Would you please set down, word for word, the lines from the one with "Inga sparsiciliella" through the final line of the data below, omitting any pictures?
━━ SUPPLIED INFORMATION ━━
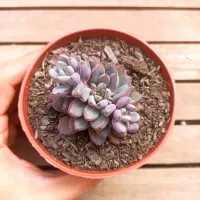 Graptoveria 'Purple Dreams' (vaso11) - Foto 2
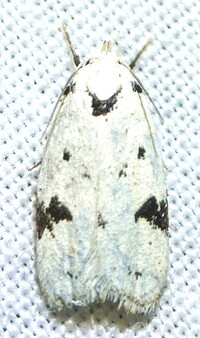 Inga sparsiciliella
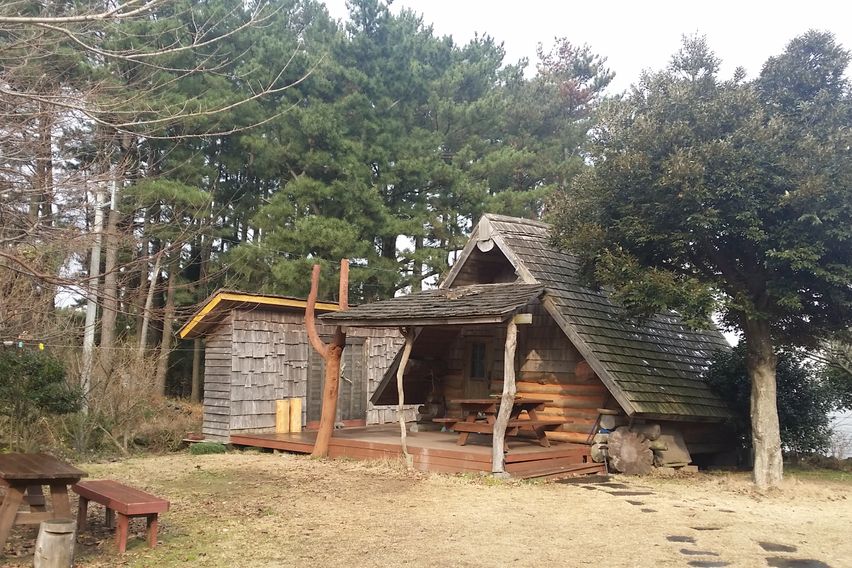 애월소길리나뭇잎사이로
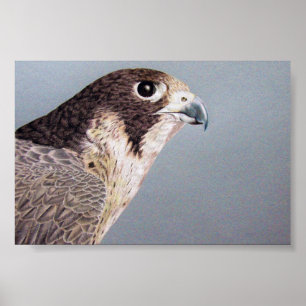 Pôster Peregrine Falcon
━━━
▸ **TASK RESULT**:
 Inga sparsiciliella
 애월소길리나뭇잎사이로
 Pôster Peregrine Falcon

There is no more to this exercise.